====== TASK DATA ======
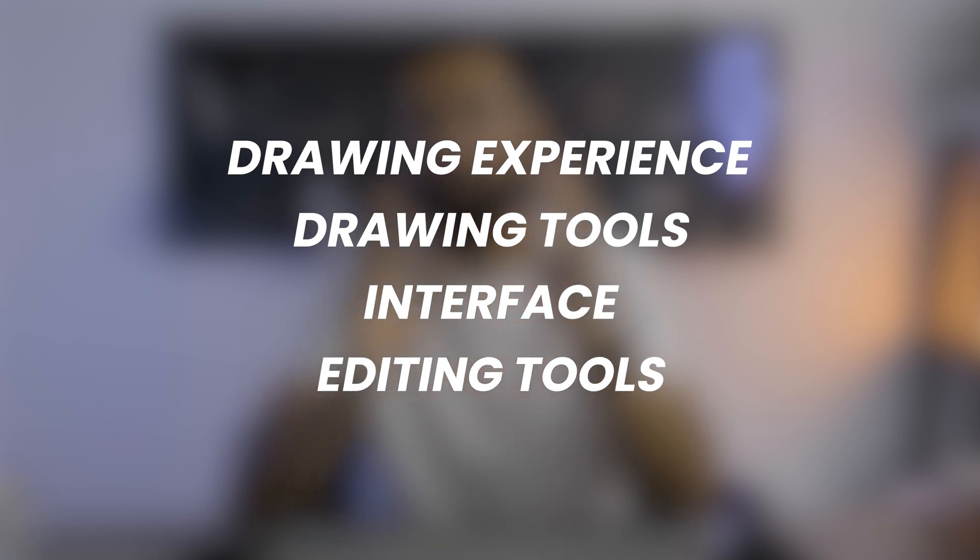Hey guys, welcome to Drawing with Avi. I've been drawing with Infinite Painter for a few weeks and I wanted to share my thoughts on this popular drawing app. When it comes to reviewing any drawing app, I want to look at four major categories: the drawing experience, drawing tools, interface, and editing tools. Once we break down those categories, I'm going to share my final thoughts and we'll see if Infinite Painter is really worth it. So let's get at it.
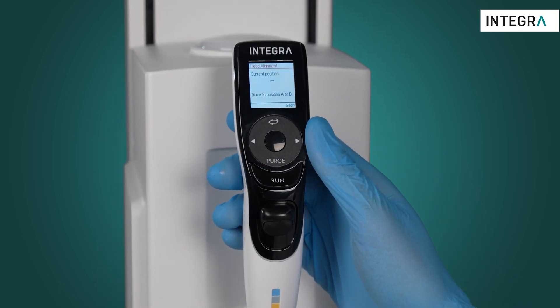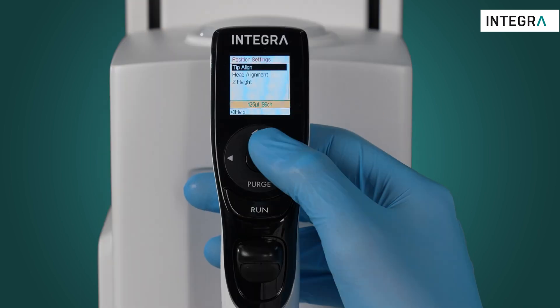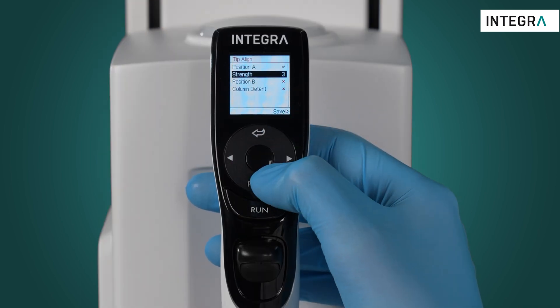This can be done in either position A or B. Once done, simply enter tip align and activate.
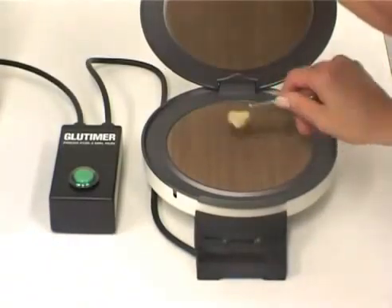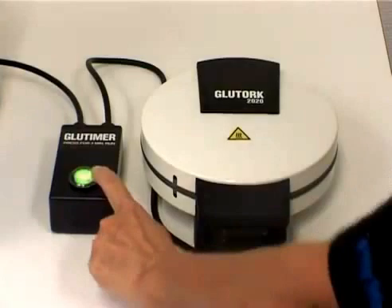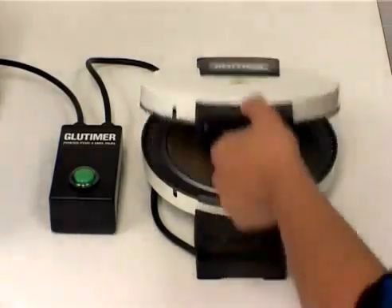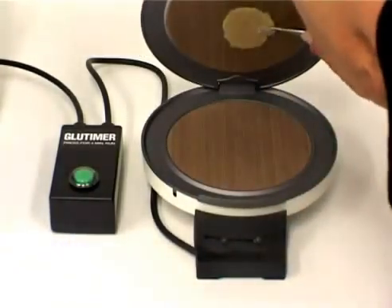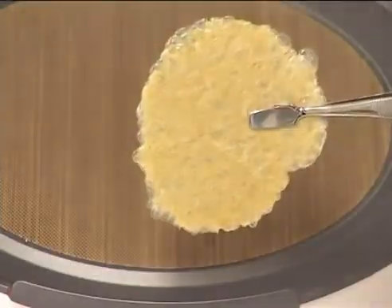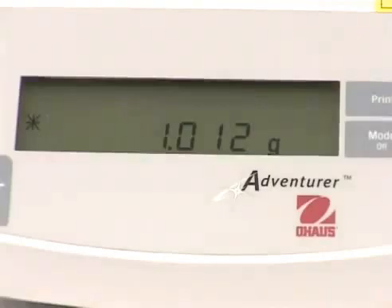After weighing, remove the whole sample from the scale, insert it into the glue torque dryer and start the timer. When the 4 minute drying time is up, open the glue torque and weigh the dried sample.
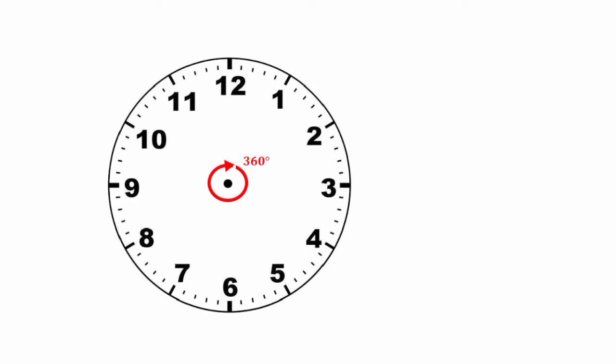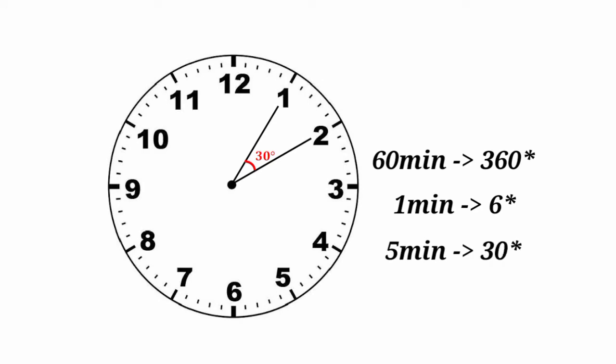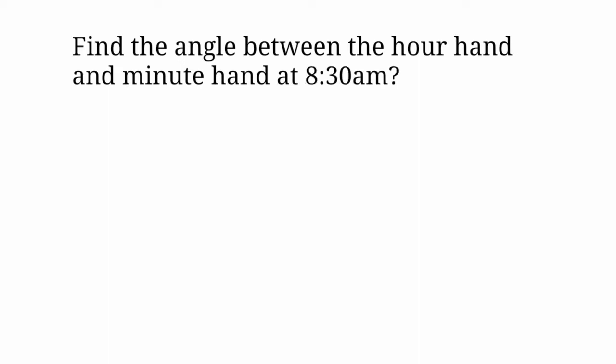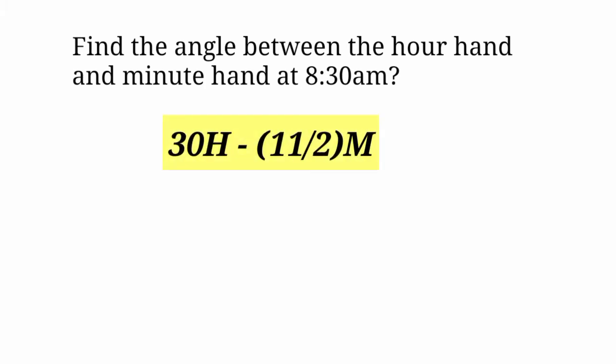Type 3: Angle. One clock full angle is 360 degrees. The minute hand covers 360 degrees in 60 minutes. Find the angle between the hour hand and minute hand using the formula: 30H minus 11 by 2 M. This is the minute and hour formula.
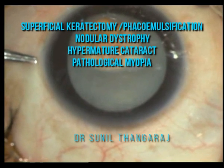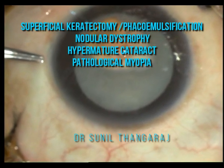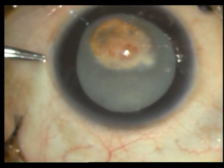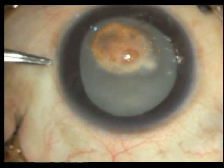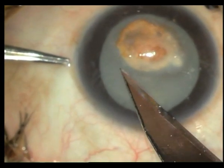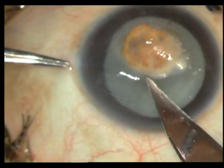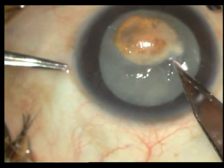This is a young girl with a corneal dystrophy — a nodular corneal dystrophy — with a hypermature cataract, unfortunately in both eyes. We had already operated the other eye and then took up this eye for surgery as well. Initially I am doing a superficial keratectomy. Mind you, this girl is only in her early 20s, and such a waste of so many blind years.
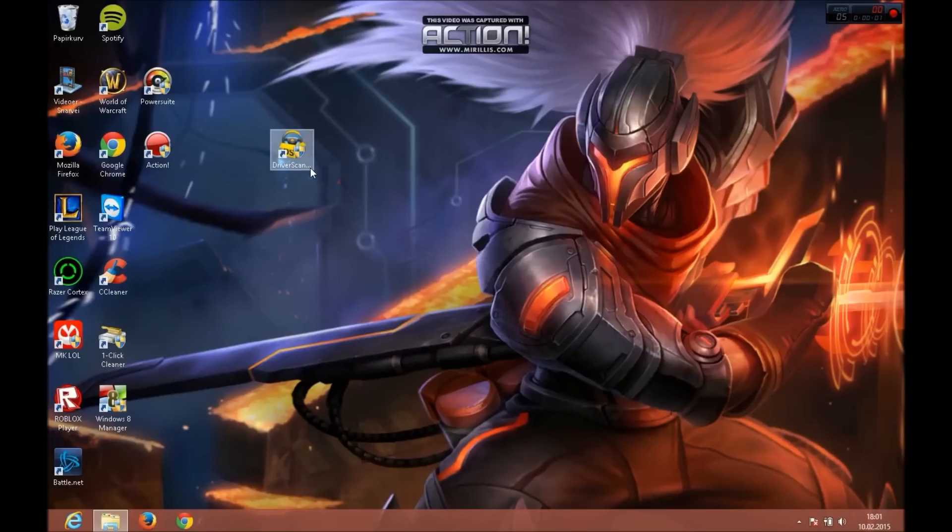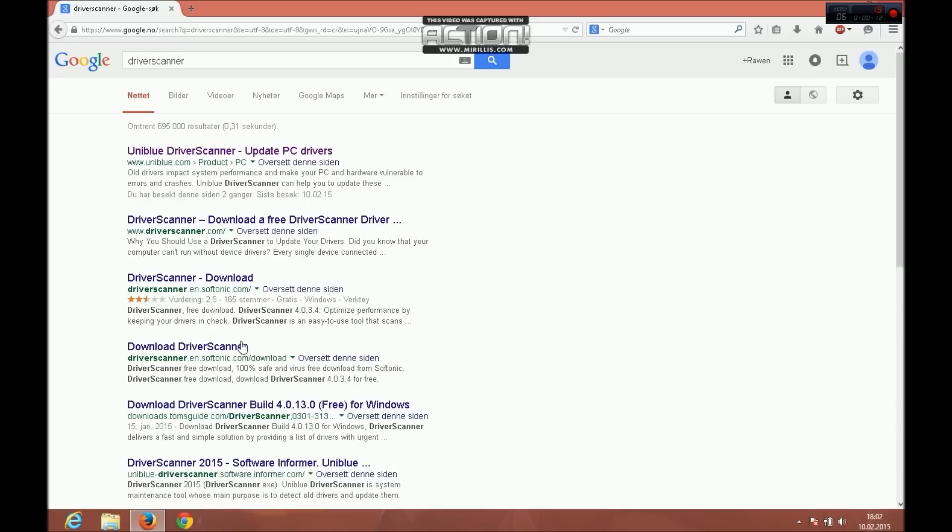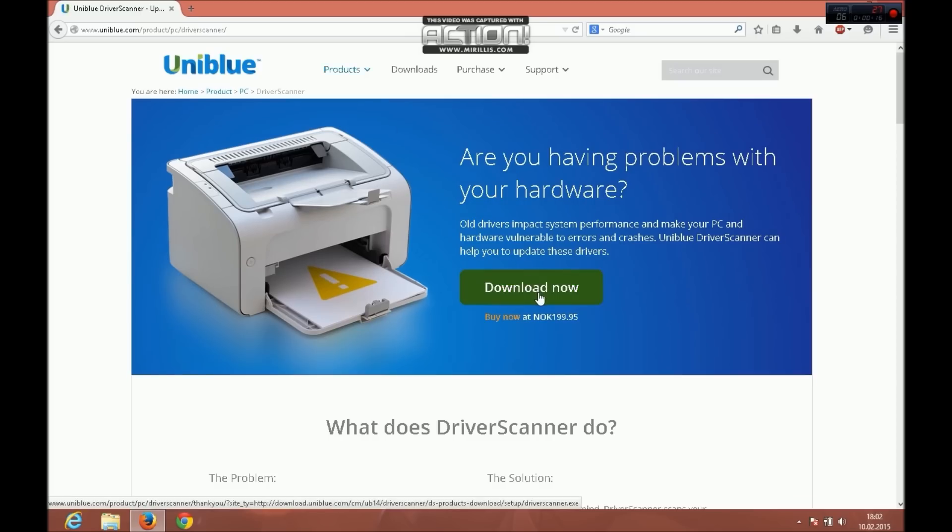Hey guys, today we show you how to download Driver Scanner and it's totally free. First thing we do is open the browser, search for Driver Scanner, and then download.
======
TASK DIRECTIONS:
Output the data above verbatim, pictures excluded.

OUTPUT OF THE EXERCISE:
Hey guys, welcome to Drawing with Avi. I've been drawing with Infinite Painter for a few weeks and I wanted to share my thoughts on this popular drawing app. When it comes to reviewing any drawing app, I want to look at four major categories: the drawing experience, drawing tools, interface, and editing tools. Once we break down those categories, I'm going to share my final thoughts and we'll see if Infinite Painter is really worth it. So let's get at it.
This can be done in either position A or B. Once done, simply enter tip align and activate.
After weighing, remove the whole sample from the scale, insert it into the glue torque dryer and start the timer. When the 4 minute drying time is up, open the glue torque and weigh the dried sample.
Type 3: Angle. One clock full angle is 360 degrees. The minute hand covers 360 degrees in 60 minutes. Find the angle between the hour hand and minute hand using the formula: 30H minus 11 by 2 M. This is the minute and hour formula.
This is a young girl with a corneal dystrophy — a nodular corneal dystrophy — with a hypermature cataract, unfortunately in both eyes. We had already operated the other eye and then took up this eye for surgery as well. Initially I am doing a superficial keratectomy. Mind you, this girl is only in her early 20s, and such a waste of so many blind years.
Hey guys, today we show you how to download Driver Scanner and it's totally free. First thing we do is open the browser, search for Driver Scanner, and then download.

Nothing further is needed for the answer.